Mirror Neurons yang aktif, berarti orang yang punya tepo sliro. Bisa menjaga perasaan orang atau kelompok lain. Disebut ‘orang’ atau ‘kelompok’, sebab kalimat seseorang bisa menyinggung perasaan orang yang diajak bicara, atau juga kelompok orang itu.
Teori Iacoboni Mirror Neurons, adalah antitesa dari pendapat Filsuf Inggris, Thomas Hobbes (1588-1679) yang mendeskripsikan, bahwa semua manusia pada dasarnya pemangsa. Manusia ibarat serigala bagi sesama manusia (homo homini lupus). Manusia memangsa manusia lain demi bertahan hidup. Atau berebut rejeki. Bahkan berebut korupsi.
Iacoboni berpendapat, cuma orang dengan Mirror Neurons lemah yang bisa memangsa orang lain.
Terpenting bukan soal definisi. Karena definisi, cuma berputar dari teori ke teori. Melainkan, bagaimana cara meningkatkan budaya empati? Termasuk buat orang dengan Mirror Neurons lemah. Berlatih agar meningkatkan empati.
Iacoboni berteori (tapi ini teori penting) bahwa budaya empati dapat ditingkatkan dengan lima cara, begini:
Sadar tentang kapasitas biologis kita untuk berempati, dan ingatlah Mirror Neurons kita harus kuat.
Punya niat untuk meningkatkan empati budaya.

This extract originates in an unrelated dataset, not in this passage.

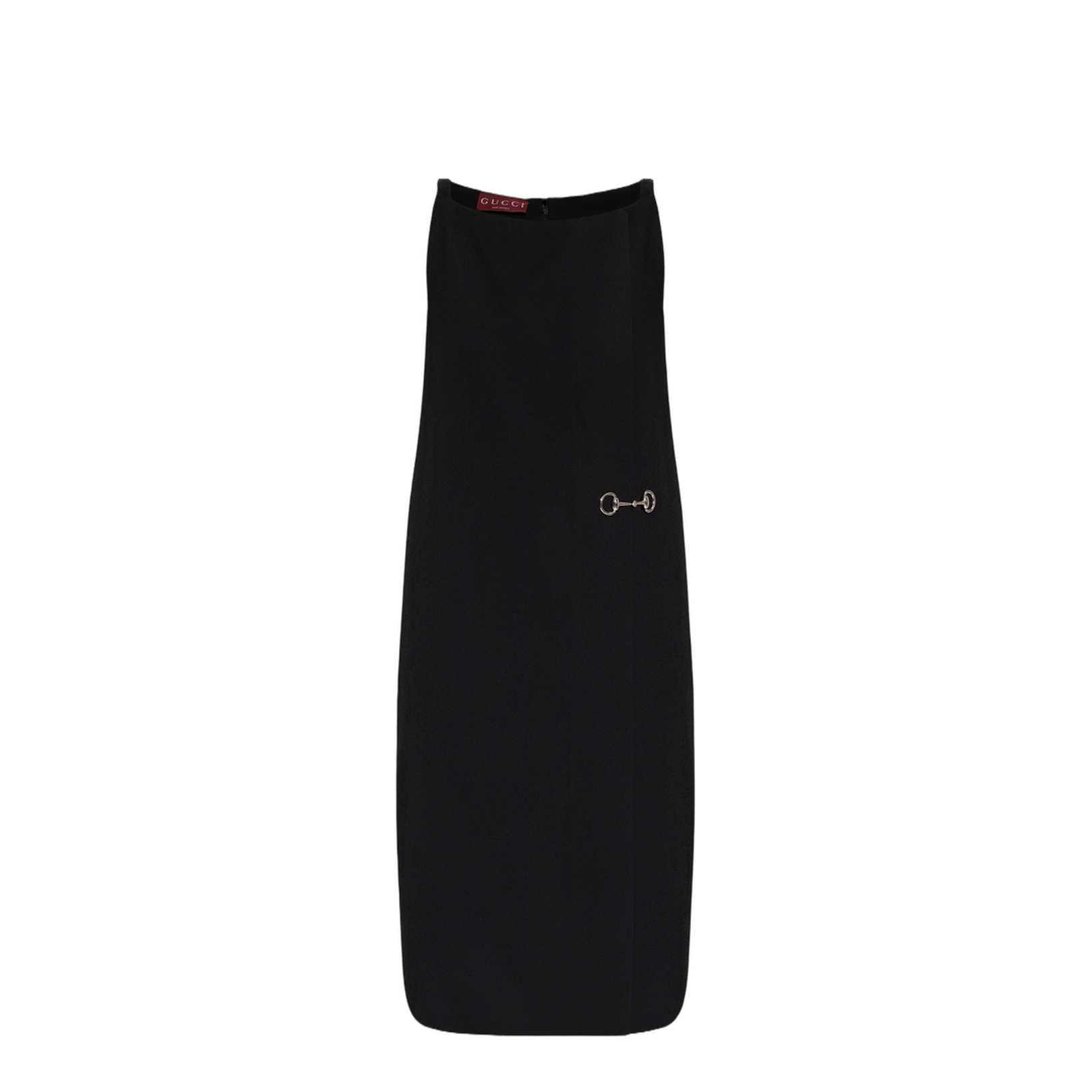 Heavy Viscose Sable Horsebit Dress in Black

Menciptakan lingkungan hidup yang lebih empatik.
Mengurangi fokus pada perbedaan dan pelabelan, atau identitas.
Meningkatkan fokus pada rasa kebersamaan, atau persatuan.
Seumpama dibalik, kita fokus meningkatkan atau mempermasalahkan perbedaan, maka berarti kita lemah empati. Kurang, atau tidak, memperhatikan perasaan orang lain. Asalkan kita senang (melakukan atau mengatakan sesuatu), orang lain biar saja mati. Tak peduli.
Sikap itu akan ditanggapi orang lain (lawan) dengan sikap yang sama. Karena, tidak seorang pun mau saja dihina atau disakiti. Pasti melawan. Akibatnya perang. Habis-habisan.
Dalam kasus Asep versus Setya, teori Mirror Neurons, masuk. Mereka sama-sama ‘orang susah’, dan Mirror Neurons mereka juga sama-sama lemah. Setya meskipun berniat baik (nasihat) tapi karena kurang empati, maka menyinggung perasaan Asep.
Sebaliknya, Asep cuma ‘dijundul’ jidatnya, pun membalas dengan menikam Setya bertubi-tubi. Mirror Neurons milik Asep, lebih lemah lagi dibanding Setya. Sehingga, ‘jadi-lah itu barang’.
Manusia hidup dengan koridor moral yang tidak terlihat. Tapi jelas ada. Dan harus dipatuhi. Oleh orang kaya maupun miskin. Tua atau muda. Mutlak wajib patuh. Jika tidak, tanggung sendiri akibatnya. Mati, atau dihukum mati.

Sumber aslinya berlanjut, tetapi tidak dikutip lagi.